Caption-style text data:
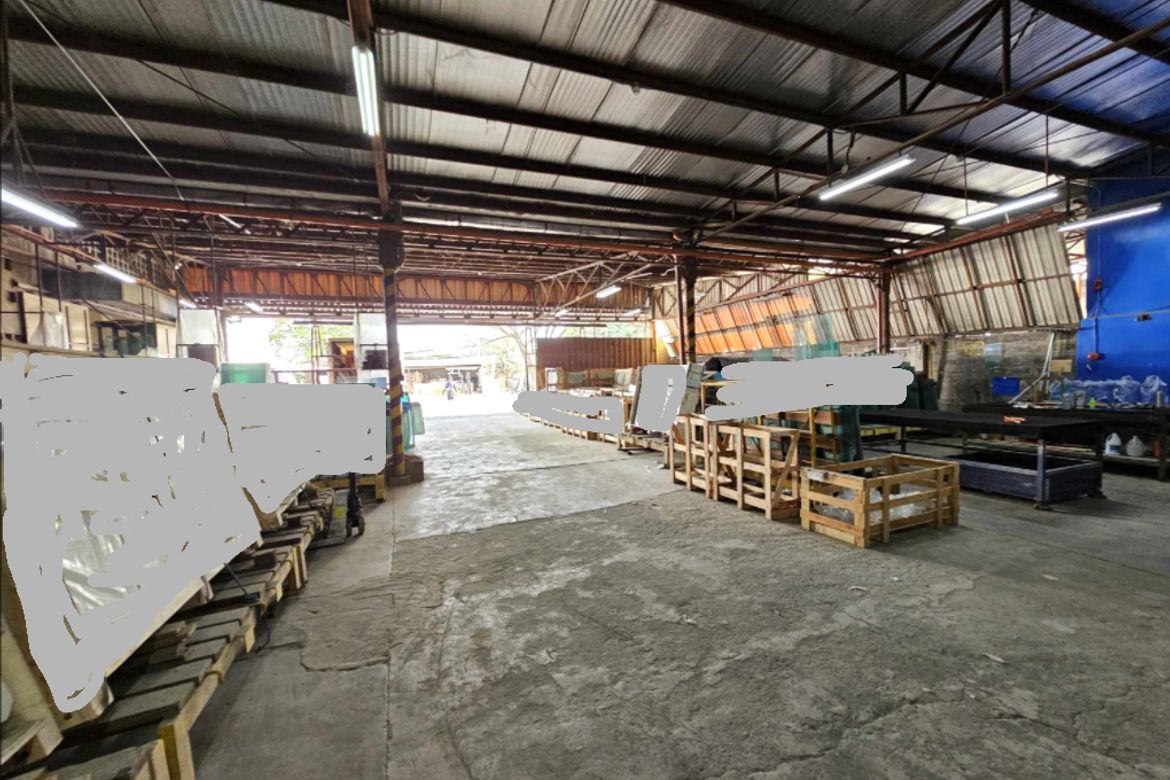 Warehouse / Factory for Sale in Cainta, Rizal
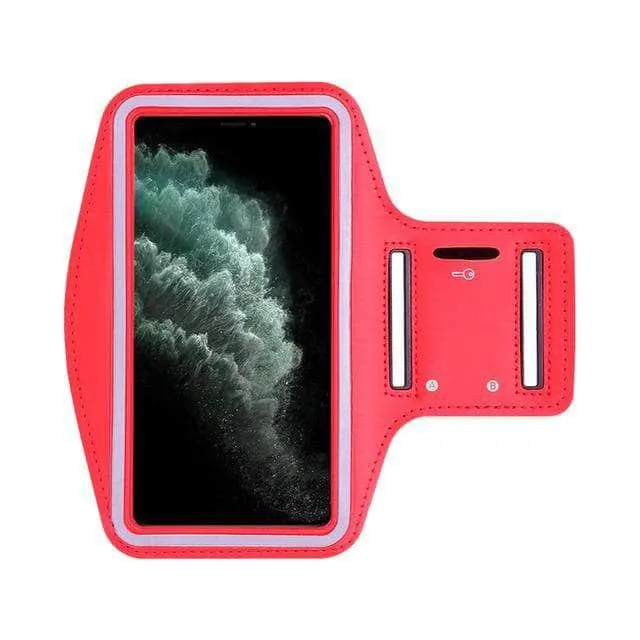 Waterproof Sport Running Workout iPhone 13 Band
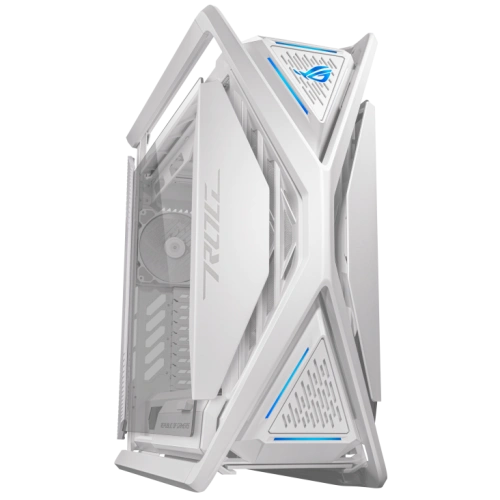Компьютерный корпус ASUS GR701 ROG HYPERION White (90DC00F3-B39000)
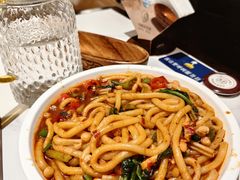 -清真·卡德尔大叔新疆主题餐厅(龙汇路店)
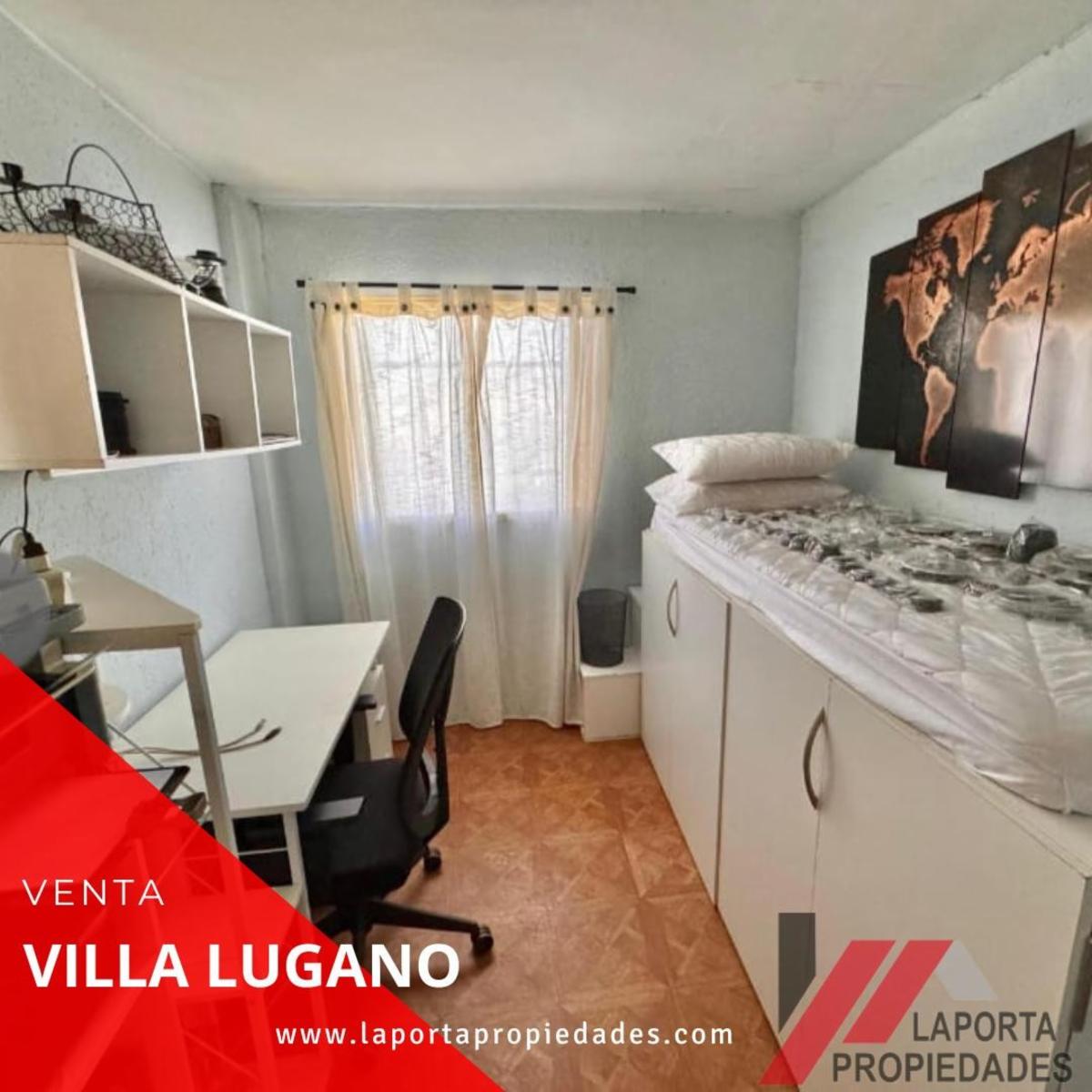 Amplio departamento de 6 ambientes en Villa Lugano — foto 6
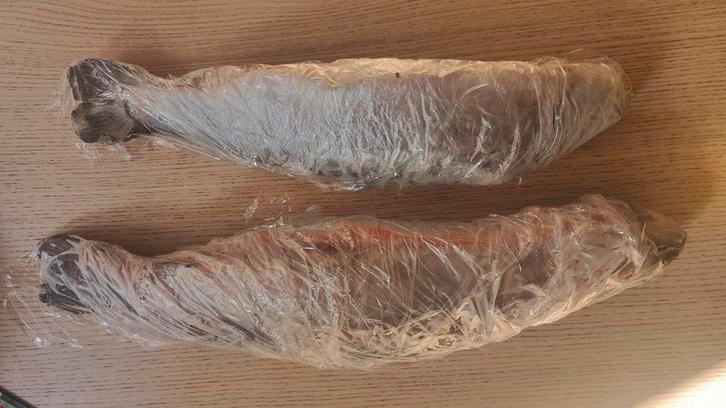 Verse Forel te koop, Diversen, Levensmiddelen, Ophalen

» **Aim of the task**:
Return every line shown above without changing a word, and skip the pictures.

» **Response box**:
 Warehouse / Factory for Sale in Cainta, Rizal
 Waterproof Sport Running Workout iPhone 13 Band
Компьютерный корпус ASUS GR701 ROG HYPERION White (90DC00F3-B39000)
 -清真·卡德尔大叔新疆主题餐厅(龙汇路店)
 Amplio departamento de 6 ambientes en Villa Lugano — foto 6
 Verse Forel te koop, Diversen, Levensmiddelen, Ophalen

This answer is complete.